ふるさと納税改正案、自治体23.9%が賛成!手数料削減期待も、制度の未来は?
株式会社ふるさと納税総合研究所が実施した、ふるさと納税改正案に関する自治体の意見調査結果が発表されました。ポータルサイトによる寄付者へのポイント付与を禁止する改正案に対し、多くの自治体が賛成傾向にあることが明らかになりました。
調査では、381の自治体を対象に、「寄附者に対しポイント等を付与するポータルサイト等を通じた寄附募集を禁止[告示改正。R7.10~]について、どのように評価しますか。」という質問が投げかけられました。その結果、「非常に賛成」が2.6%、「賛成」が21.3%、「中立」が53.8%、「反対」が17.8%、「非常に反対」が4.5%という結果になりました。
一見、賛否が拮抗しているように見えますが、中立評価の中に「手数料が下がるのであれば賛成」といった条件付きの賛成意見が多く含まれていることから、実質的には賛成意見が多数を占めていると言えるでしょう。
手数料削減への期待と制度の課題
賛成意見には、ポータルサイトの手数料削減による返礼品率の引き上げや、ポイント競争による悪影響からの脱却への期待が強く見られます。ポイント付与は、制度本来の趣旨から外れているとの指摘も多く、手数料削減による制度本来の目的への回帰を求める声が上がっています。
一方で、反対意見には、手数料削減効果が不透明であることや、運営事業者の利益が増えるだけではないかという懸念も表明されています。また、ポイント廃止による事務負担増加や、寄附金の減少による地域経済への悪影響を懸念する声も見られました。
制度の持続可能性を左右する課題
今回の調査結果から、ポイント付与の是非以外にも、ふるさと納税制度の持続可能性を左右する様々な課題が浮き彫りになっています。

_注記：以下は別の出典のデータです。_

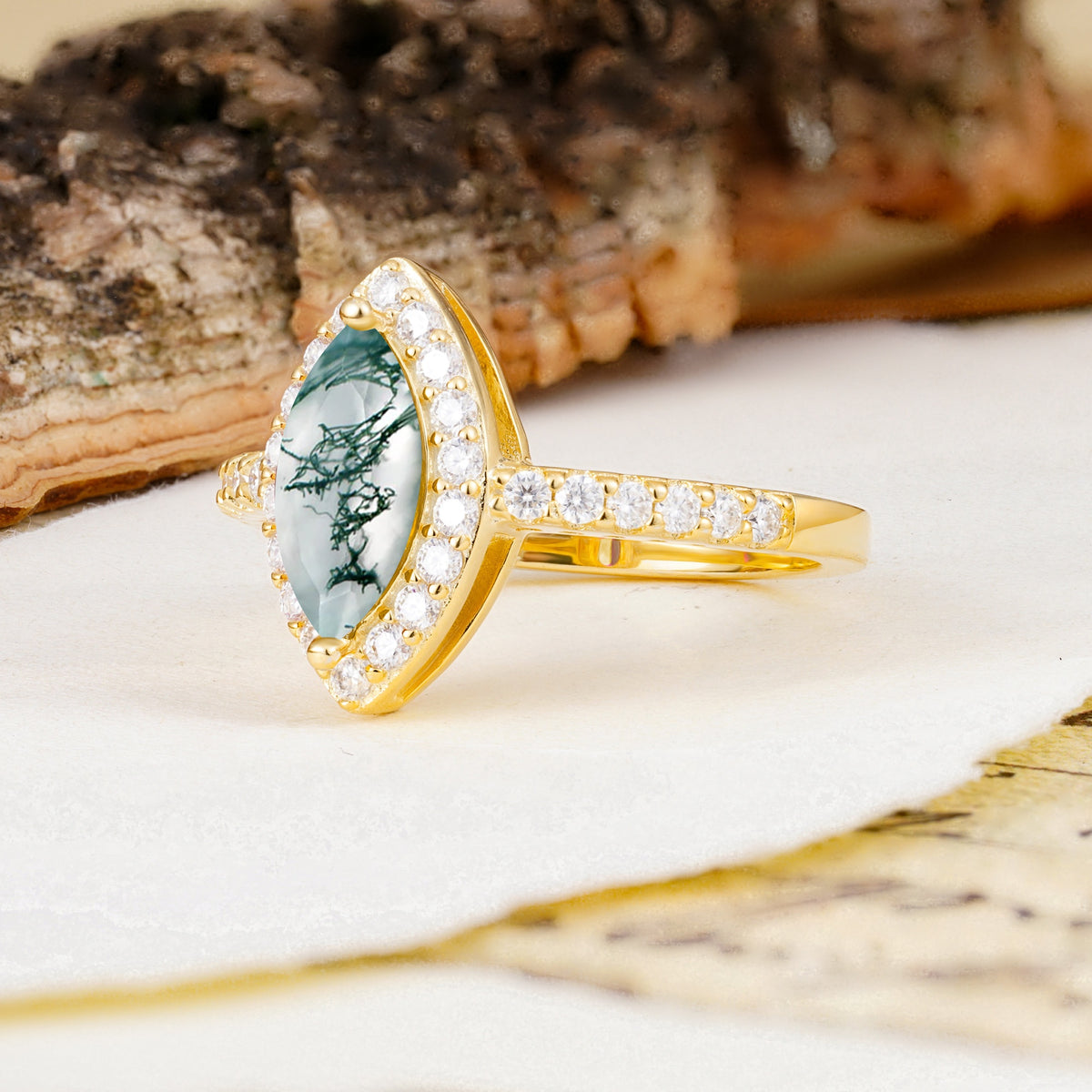 Unique and Luxurious 2-Prong Marquise Cut Moss Agate Engagement Ring - Additional view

自治体の負担軽減: 手数料削減による自治体の負担軽減は、制度の持続可能性を確保するために不可欠です。
返礼品競争の抑制: 返礼品競争の抑制は、制度の健全な発展を促進するために重要です。
寄附者への情報提供: 寄附者が制度を正しく理解し、自主的に寄附先を選択できるよう、情報提供の充実が求められます。
今後の展望
ふるさと納税総合研究所は、今回の調査結果を踏まえ、改正案が目的とする「制度本来の趣旨に沿った運用がより適正に行われる」を実現するため、以下の提言をまとめました。
ポータルサイトの手数料率の上限設定: 手数料の上限を設定することで、自治体の負担軽減を効果的に実現できると考えます。
地域に根ざしたインセンティブの提示: 寄附者の関心を維持するため、地域に根ざした新たなインセンティブの提供が重要です。
監視・運用組織の設置: 改正された制度の適正な運用と監視を行うための組織の設置が不可欠です。
寄附の使い道を重視したプロモーションの強化: 寄附者が地域貢献を実感できるようなキャンペーンを展開することで、寄附意欲を高めることができます。
正しい制度理解を広めるための情報提供: 寄附者が制度を正しく理解できるよう、わかりやすい情報提供を行うことが重要です。
今回の調査は、ポイント付与の是非だけでなく、ふるさと納税制度全体の課題を浮き彫りにしました。今後、自治体、寄附者、そしてポータルサイトの三者が協力し、より良い制度運営を目指していくことが重要です。